Three years ago, Los Angeles Angels owner Arte Moreno asked the city of Anaheim to give him development rights to his stadium parking lot in exchange for him making stadium upgrades, only to be forced to back down when an appraisal revealed he’d be getting $245 million in land and spending only $150 million on renovations. Last year, Moreno griped that a Chinese developer, LT Global, was looking at building a privately funded mixed-use development on land it had bought across the street from the stadium, because he was afraid it would use his parking. On Wednesday, team officials intimated that they would sue unless the LT Global project went through a full environmental impact study:
The demand, contained in the second hostile letter from Angels lawyers to the city within two weeks, comes as the team and city have revived talks on a lease that would extend the Angels’ tenure at the city-owned stadium.
Last week, the Anaheim Planning Commission, over the Angels’ objections, unanimously endorsed a 15-acre complex of shops, restaurants, offices, residences and a hotel on the site next to Angel Stadium.
The Anaheim City Council has final say on the project and could vote to approve it as soon as Sept. 27. In the letter, Angels attorney George Mihlsten said the planning commission approved the project with “very limited environmental review and no opportunity for public review,” and he asked the council to order a new environmental impact report.

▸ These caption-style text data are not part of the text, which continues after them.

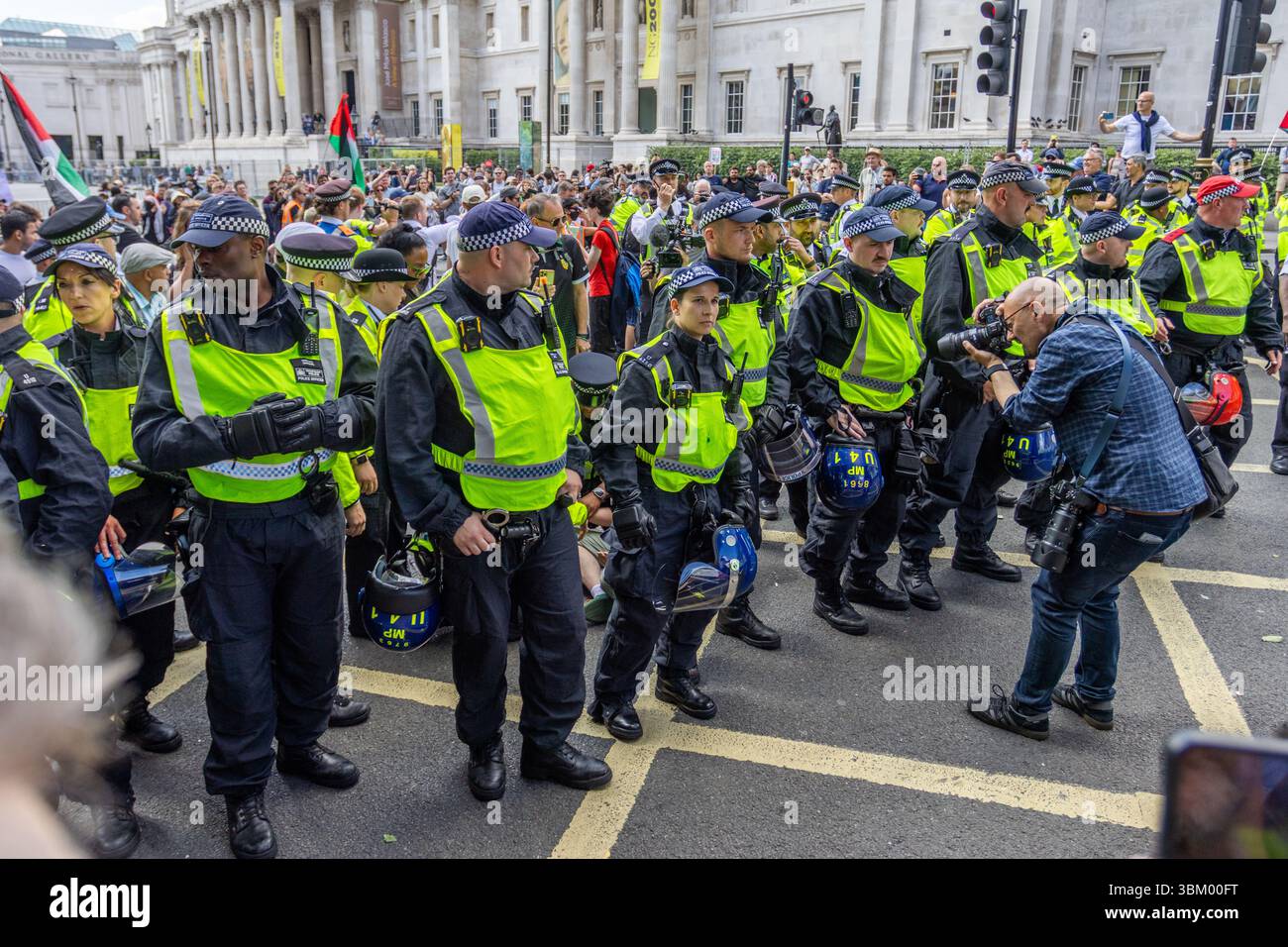 Les manifestants pro-palestiniens et les partisans de Palestine action se sont rassemblés à Trafalgar pour montrer leur soutien au groupe. Cela intervient après que le gouvernement ait déclaré qu'il était interdit en tant qu'organisation terroriste. Banque D'Images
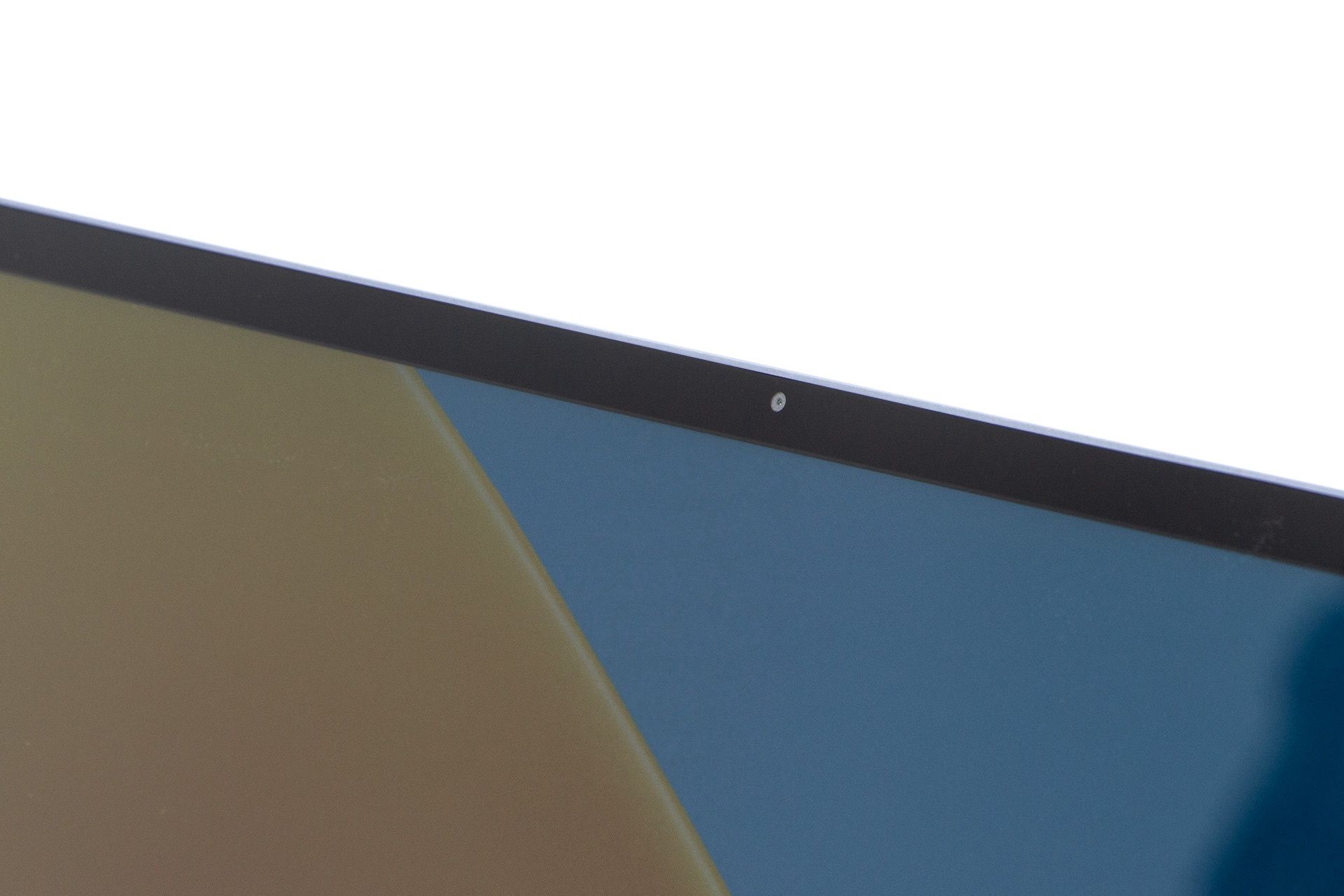 Huawei MateBook 16s - kamera i ramka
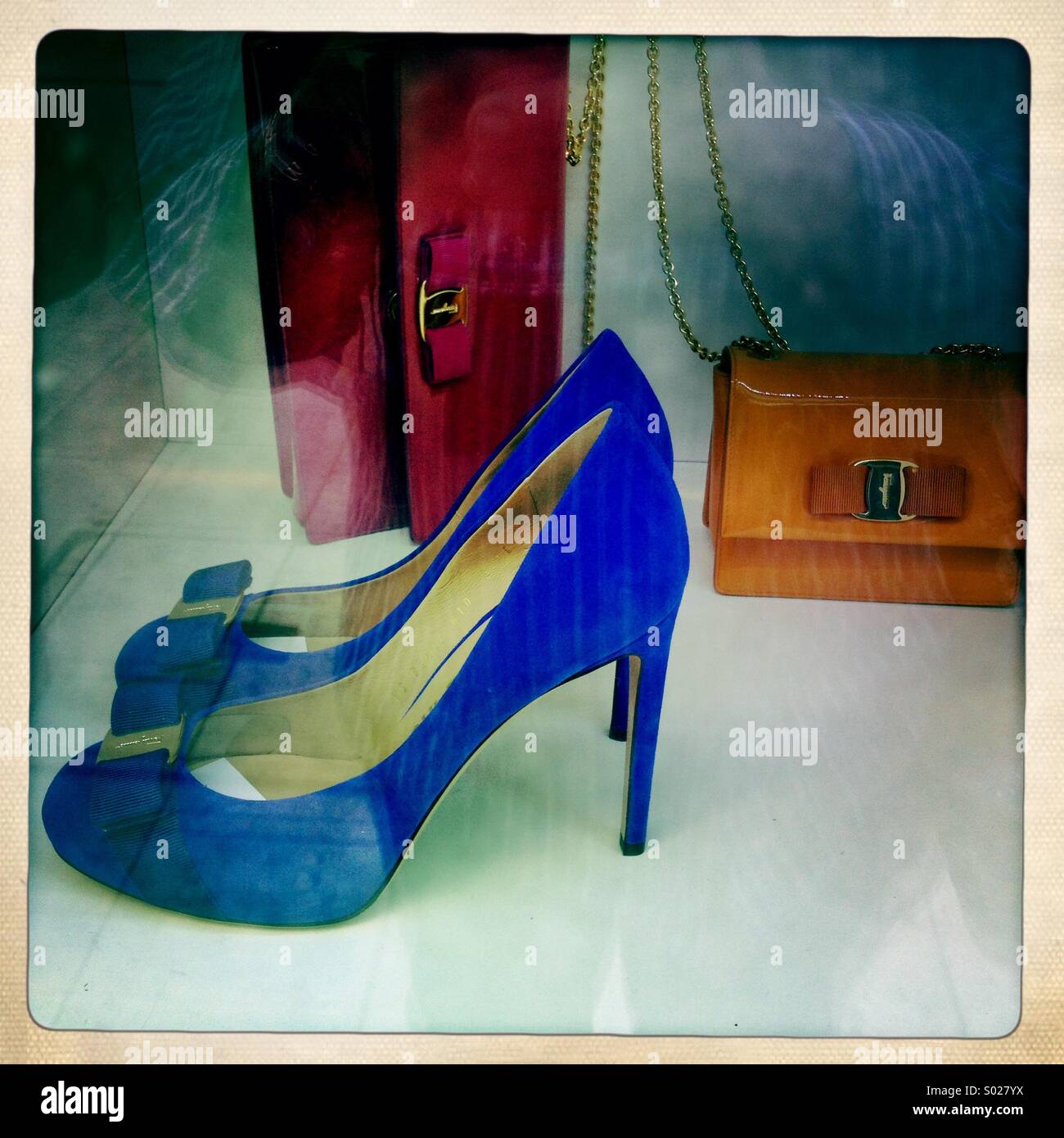 Blaue Schuhe im Schaufenster Stockfoto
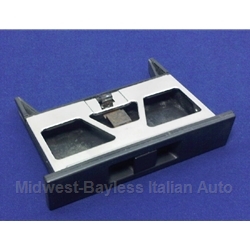 Ashtray ( Lancia Beta Zagato 1979-82) - U8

Couple of things here: First off, whatever the merits of the dispute (public review is a good thing), it remains hilarious to see a would-be developer complaining about the insufficiency of an EIS, given that you know Mihlsten would be saying the exact opposite if Moreno were the one looking to build this project. Second, that “revived talks on a lease” clause may not be just a news peg — when you’re at the lease negotiating table, everything is up for grabs, and trading off “we won’t sue the developers next door” for something is, at the very least, a bargaining chip that Moreno will want to explore. Mayor Tom Tait and his negotiators have their work cut out for them.